Gandjour Afschin
Frankfurt School of Finance & Management, Adickesallee 32-34, 60322, Frankfurt, Germany.
Q Rev Econ Finance. 2022 May;84:502-509. doi: 10.1016/j.qref.2020.10.007. Epub 2020 Oct 14.
A shutdown of businesses enacted during the SARS-CoV-2 pandemic can serve different goals, e.g., preventing the intensive care unit (ICU) capacity from being overwhelmed ('flattening the curve') or keeping the reproduction number substantially below one ('squashing the curve'). The aim of this study was to determine the clinical and economic value of a shutdown that is successful in 'flattening' or 'squashing the curve' in Germany.

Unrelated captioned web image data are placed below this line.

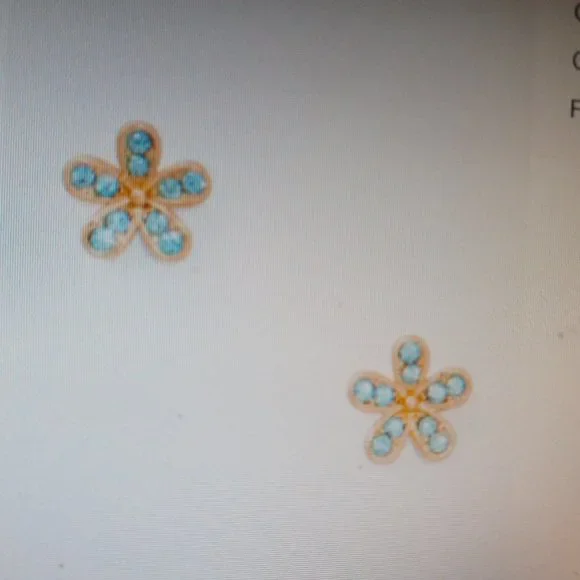 *PRICE DROP* New Kate Spade Aquamarine Flower Studs in gold setting. - Picture 1 of 6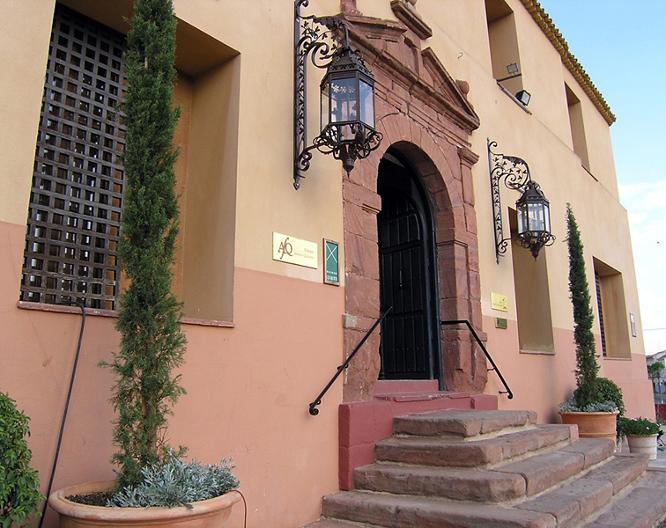 Hotel Convento Santa Clara - Außenansicht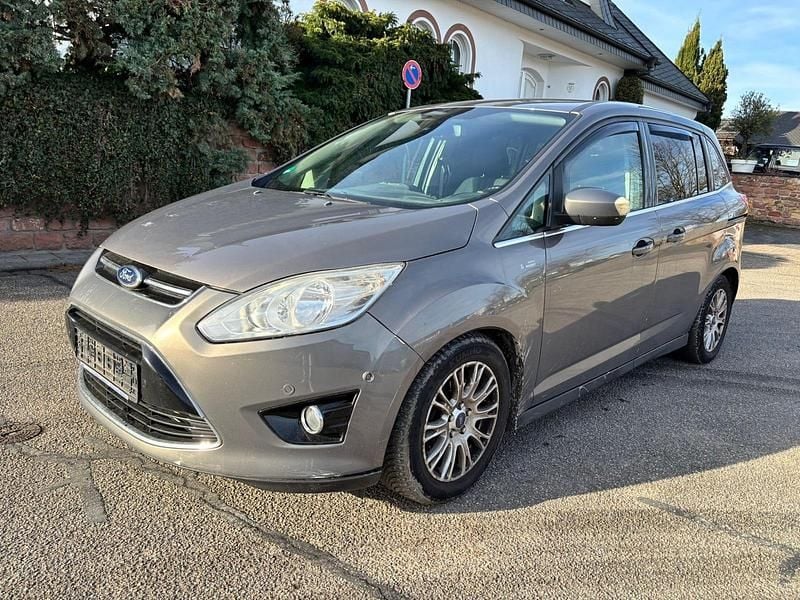 Grau Gebraucht 2012 Ford Grand C-Max Van / Kleinbus | 2.000 € (Superpreis) - Bild 1/4
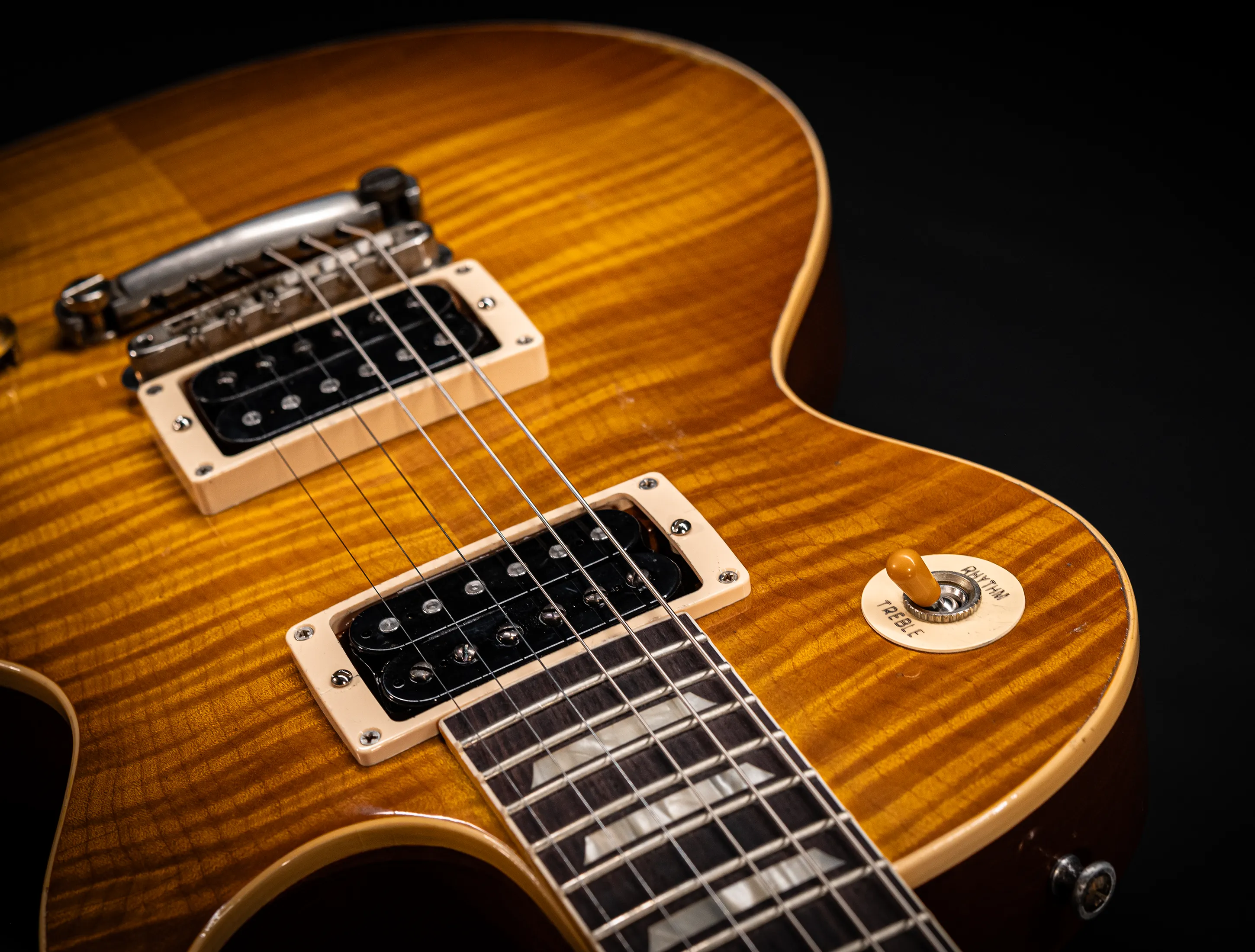 Show gallery (36 images) a163138 Gibson Les Paul 1959 Double Black Murphy LAB R9 Authentic Heavy Aged - Butterscotch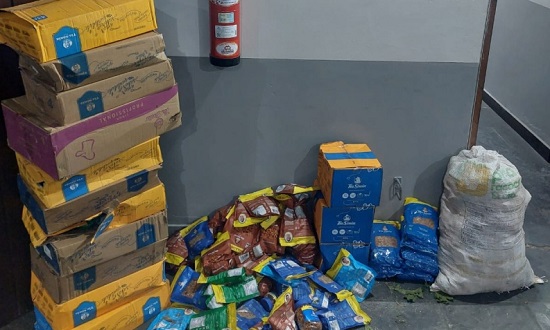 Três homens são detidos por saque de carga de granola após capotamento na BR-101 em Estância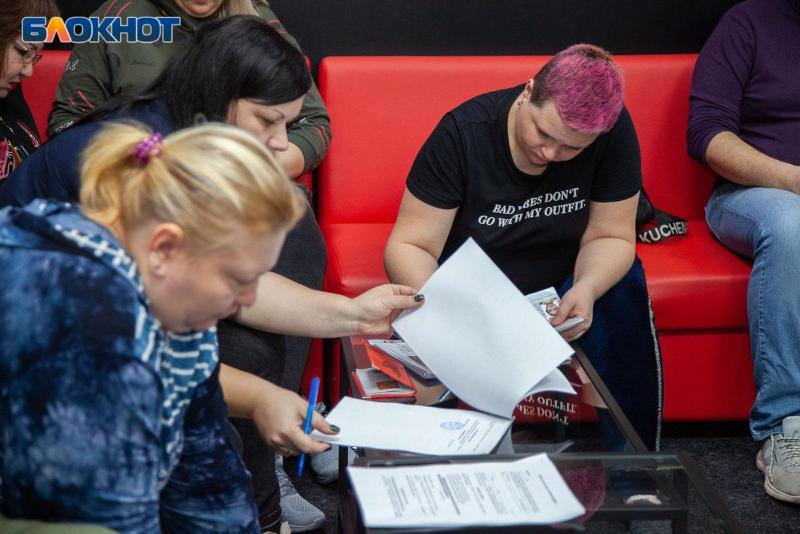 3,7 тысяч подписей осталось собрать для проведения референдума по времени в Волгоградской области 3,7 тысяч подписей осталось собрать для проведения референдума по времени в Волгоградской области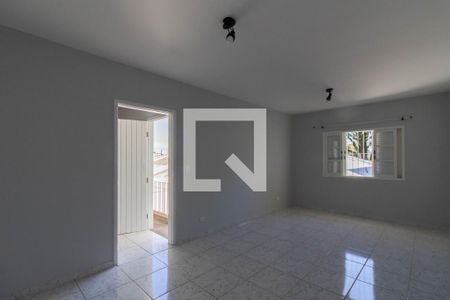 Casa à venda com 217m², 3 quartos e 4 vagasEdícula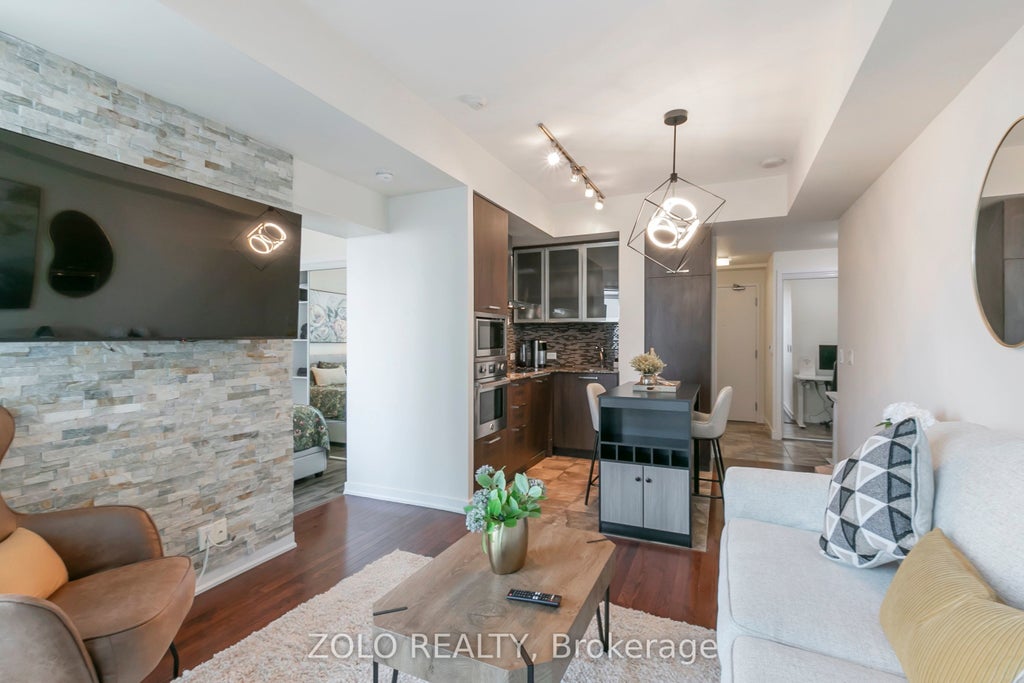 14 York Street 3410, Toronto C01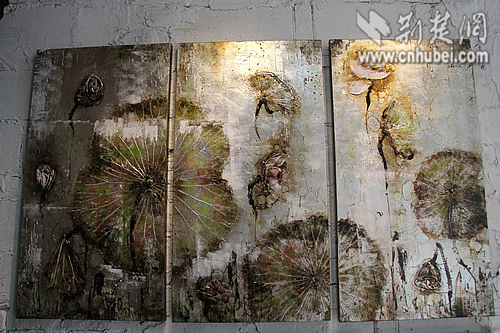 油画,画中荷叶均由真实荷叶制作而成 何丽告诉记者,画廊所有的作品图片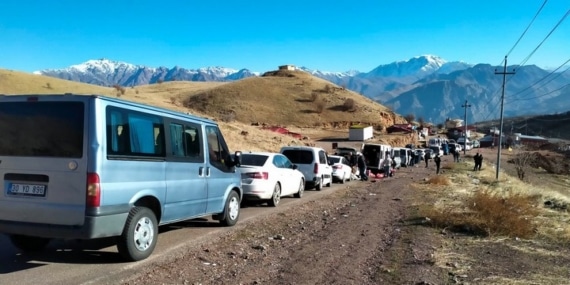 Van-Hakkari sınırında İPhone kuyruğu uzadıkça uzuyor!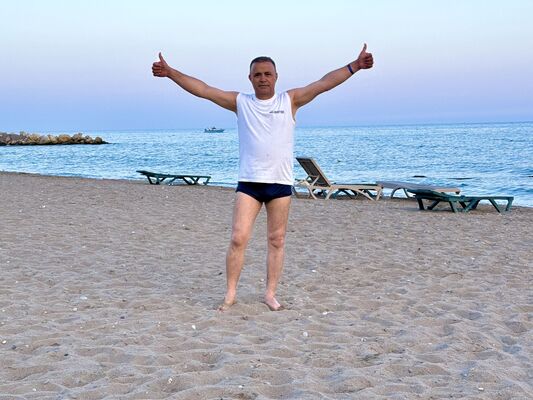  ,   Alex, 54 ,   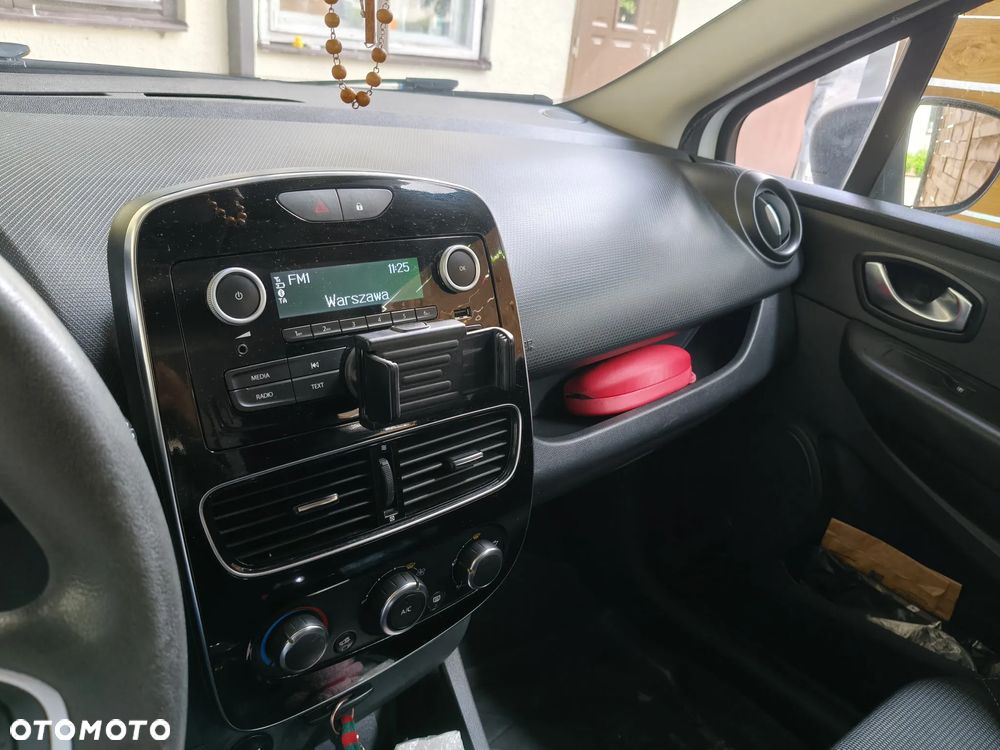 Renault Clio 1.2 16V Life - 9
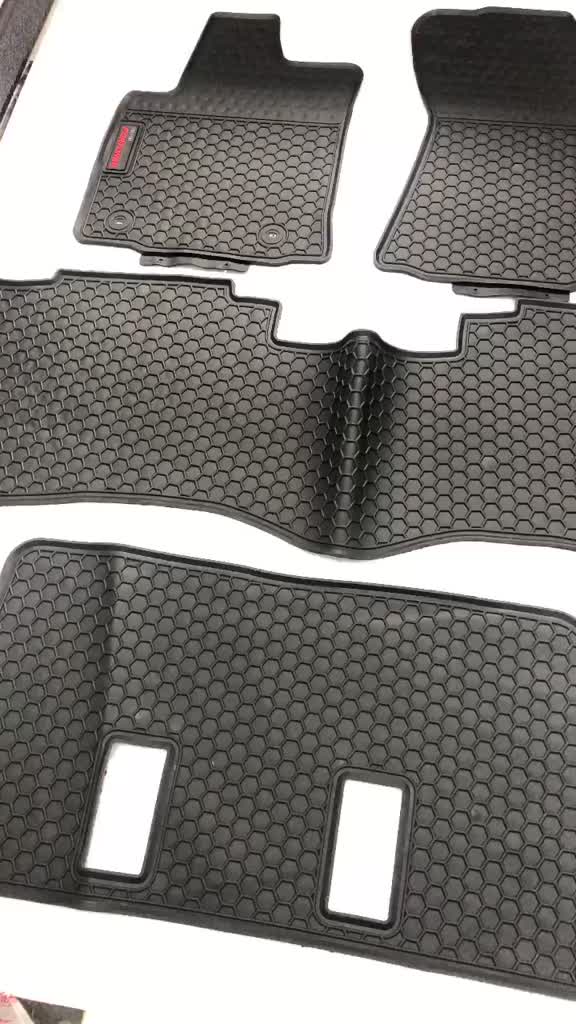 Gợi ý các mẫu thảm lót sàn ô tô Fortuner 2017 đáng mua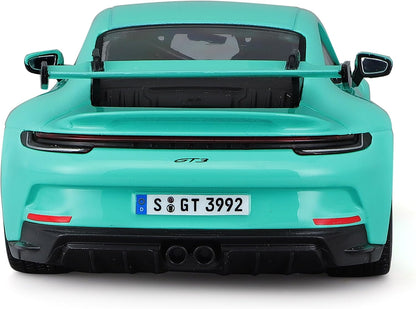 The Bburago 1:24 Collezione Porsche 911 GT3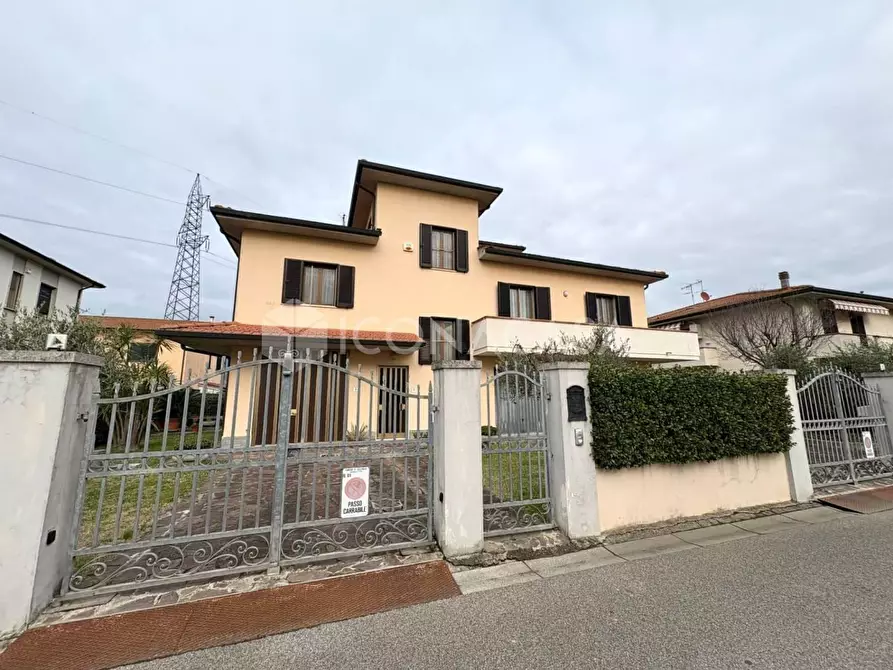 Immagine 1 di Villa in vendita  a Calcinaia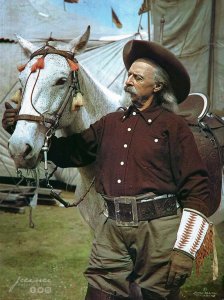 buffalo bill and horse Isham 1905.jpg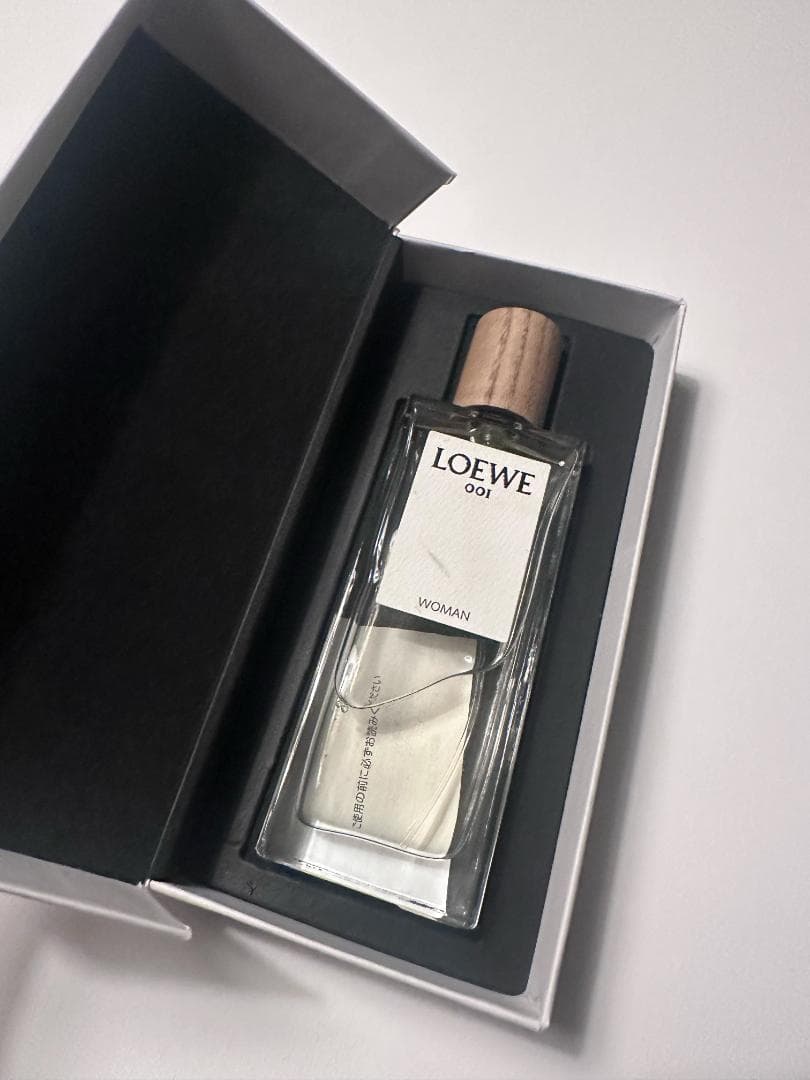 LOEWE 001 WOMAN Eau de Parfum 50ml　ロエベ香水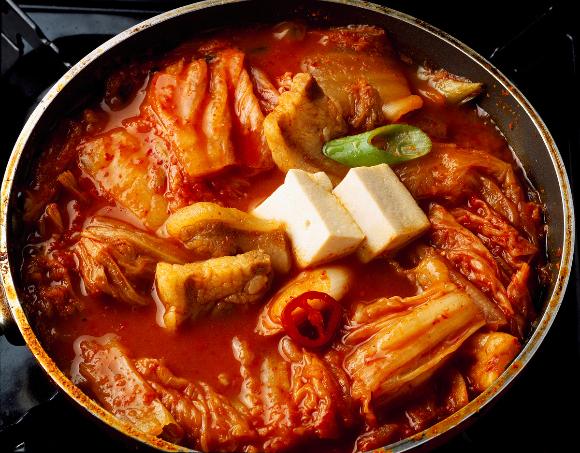겨울철 추위를 잊기 위해 즐기는 국물요리가 위와 혈압 건강에 악영향을 줄 수 있어 국물요리를 섭취할 때 주의할 필요가 있다. 사진은 기사와 직접적인 관련 없음. /사진=이미지투데이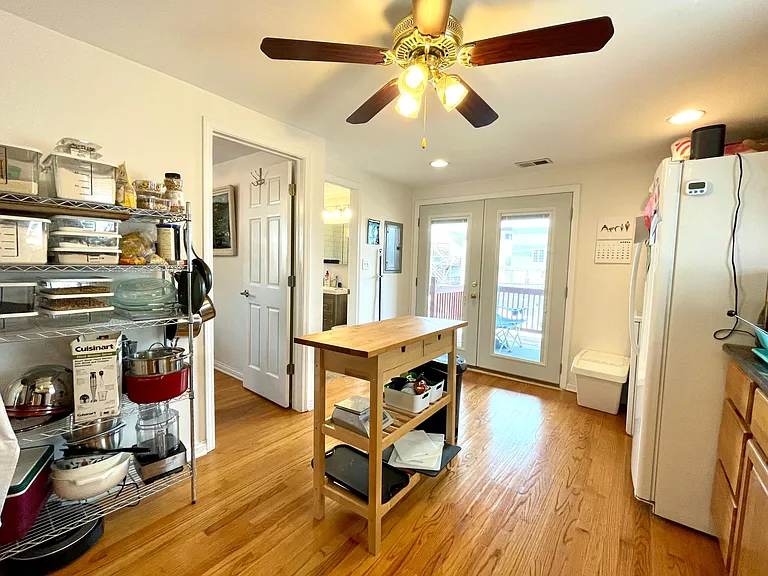 1813 N Fairfield Ave #2 — Photo 4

In the base case, the study compared a successful shutdown to a worst-case scenario with no ICU capacity left to treat COVID-19 patients. To this end, a decision model was developed using, e.g., information on age-specific fatality rates, ICU outcomes, and the herd protection threshold. The value of an additional life year was borrowed from new, innovative oncological drugs, as cancer reflects a condition with a similar morbidity and mortality burden in the general population in the short term as COVID-19.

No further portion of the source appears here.